My concerns with the legislation are the costs, which are substantial, and whether or not creating a new bureaucracy in the Department of Energy and in the White House is going to enhance our ability to deal with this challenging problem or whether it is going to make it even more difficult. It authorizes some $4.8 billion, and I am interested in finding out how much is already appropriated to various agencies and departments for climate change and whether or not there is an overlap in terms of the funding.

In addition, I would like to make sure that the new offices in the Department of Energy and the White House actually reduce bureaucratic burden instead of increasing it. I want to again underscore what Senator Thompson said, and that is the National Academy of Sciences, in their report, said, “Because there is considerable uncertainty in current understanding of how the climate system varies naturally and reacts to emissions of greenhouse gases and aerosols, current estimates of the magnitude of future warming should be regarded as tentative and subject to future adjustments either upward or downward, and reducing the wide range of uncertainty inherent in current model predictions of global climate change will require major advances in understanding and modeling of both the factors that determine atmospheric concentration of greenhouse gases and aerosols and the so-called feedbacks that determine the sensitivity of the climate system and prescribed increase in greenhouse gases. There is also a pressing need for a global observing system designed for monitoring climate.”

It is really important that Senator Byrd and Senator Stevens are trying to bring some more objective evaluation of where we are to this subject. Would you agree that we need a whole lot more work in this area?

Mr. HANSEN. Yes, absolutely. I have been arguing for some years that—some people would say that the error bars that we have on these forcings are actually underestimated—that we have to measure what things are actually changing. If we are going to project the future, we have to know what is happening now.

Mr. KARL. There is absolutely no question, as I indicated in my oral statement, that we need fundamental observations for the long-term, not just a 2- or 3-year effort. We need to make sure that we put into place an observing system that can guarantee 50 years from now that we will know what actually happened to some of these very important variables that we have discussed here today.
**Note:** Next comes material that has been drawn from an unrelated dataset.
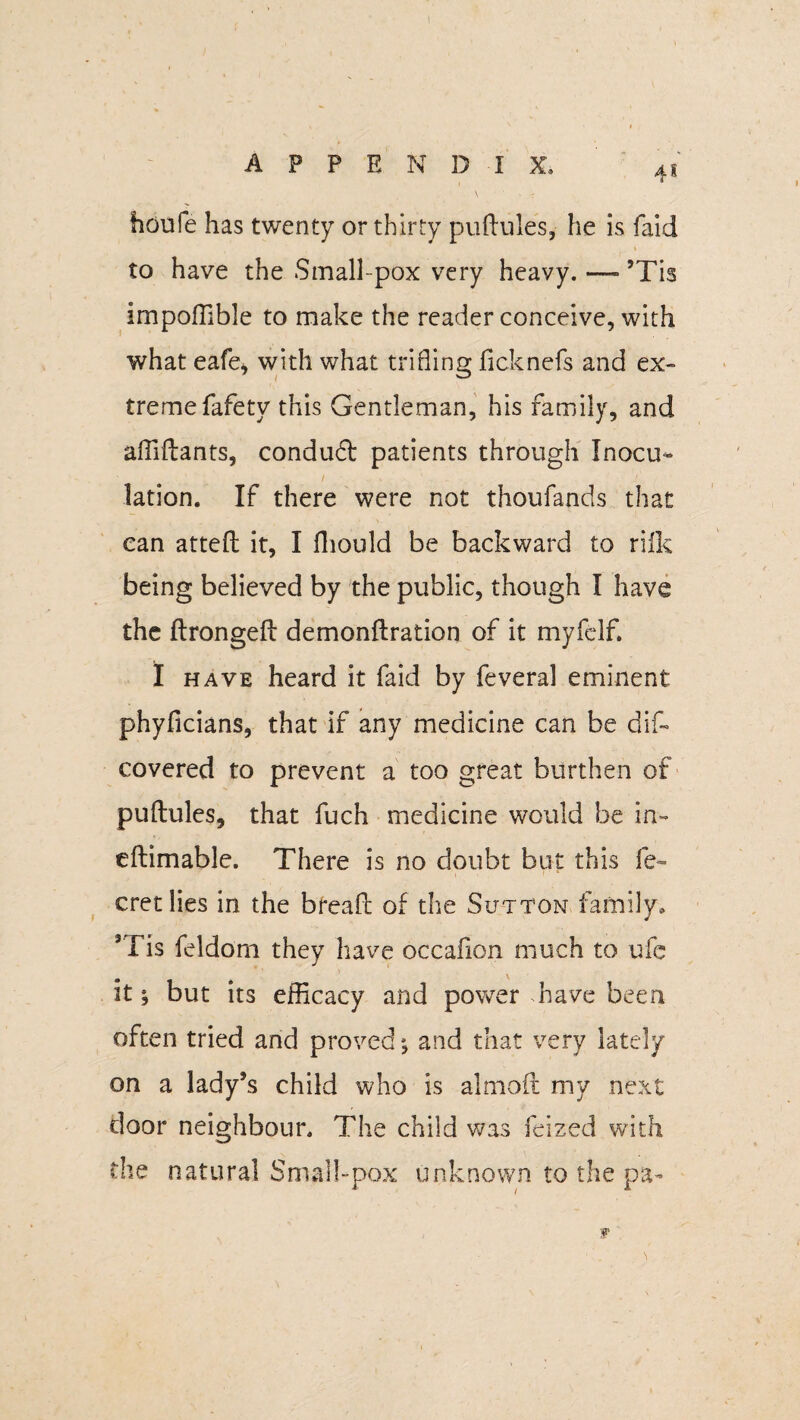 houfe has twenty or thirty puftules, he is faid to have the Small pox very heavy. —- ’Tis impoffible to make the reader conceive, with what eafe* with what trifling ficknefs and ex¬ treme fafety this Gentleman, his family, and affiftants, conduft patients through Inocu¬ lation. If there were not thoufands that can atteft it, I fhould be backward to rilk being believed by the public, though I have the ftrongeft demonftration of it my fed f. I have heard it faid by feveral eminent phyficians, that if any medicine can be dif~ covered to prevent a too great burthen of puftules, that fuch medicine would be in- eftimable. There is no doubt but this fe~ cretlies in the breaft of the Sutton family, Tis feldom they have occafion much to ufc it; but its efficacy and power have been often tried and proved; and that very lately on a lady’s child who is almoft my next door neighbour. The child was feized with the natural Small-pox unknown to the pa-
Senator VoINOVICH. This legislation funds clean-coal technology, and Dr. Hansen, you mentioned that. With your understanding of the science today, do you believe it is possible to address the concerns of the climate change proponents and continue to rely upon the burning of our current coal levels?

Mr. HANSEN. Coal has at least two it has several emissions. Black carbon is one of them. I think that scrubbing the sulfate and the black carbon is something that can be done. I think that, as you have mentioned, the technology for that has been worked on. That will take care of part of the problem. In the long-run, if coal needs, we may also need to actually capture the CO2. That is possible, and there are now experiments intended to prove that this can be done in an economic way and we can dispose of the CO2. There are experiments where this is being tested, the CO2 injected into the ocean, and the ocean can absorb it all. So I think that it is technically possible. We need to support that technology, but it will raise a practical issue because it will increase the cost. We need to make sure that it is not so costly that it would discourage some countries from actually using it.

Senator VOINOVICH. Do you think that it could be compensated with more attention to carbon sinks?

Mr. HANSEN. Carbon sinks, if you mean in the biosphere of forests and soils, there is a limit as to how much you can put there. It can help, but by itself, that is not sufficient if we, in fact, continue to have fossil fuels as a major energy source.

Senator VOINOVICH. And what do you think of nuclear power?

Mr. HANSEN. Again, these types of issues, of course, have to be decided by the people through the representatives, and as you know, there are pros and cons to each of these. Nuclear power, from our standpoint as climate scientists, we can say, "Well, it looks great from that standpoint." It produces essentially no CO2. So, if it were acceptable, then that is certainly a good candidate for an energy source.

Senator VOINOVICH. I know that you seem to be reluctant to comment about the organizational structure, when you were asked a question earlier.

Mr. HANSEN. I do not think it is appropriate really, for me to do that.

Senator VOINOVICH. May I ask you this? We have the Department of Energy, President Clinton had a task force with the Council on Environmental Quality in the White House, and there are many agencies right now that are dealing with this issue. From your observation, do you think that these activities are well coordinated?

Mr. HANSEN. I think there is a NAS report—Mr. Karl can put in his word here, too, but I think there is pretty widespread agreement that it is not as coordinated as it should be.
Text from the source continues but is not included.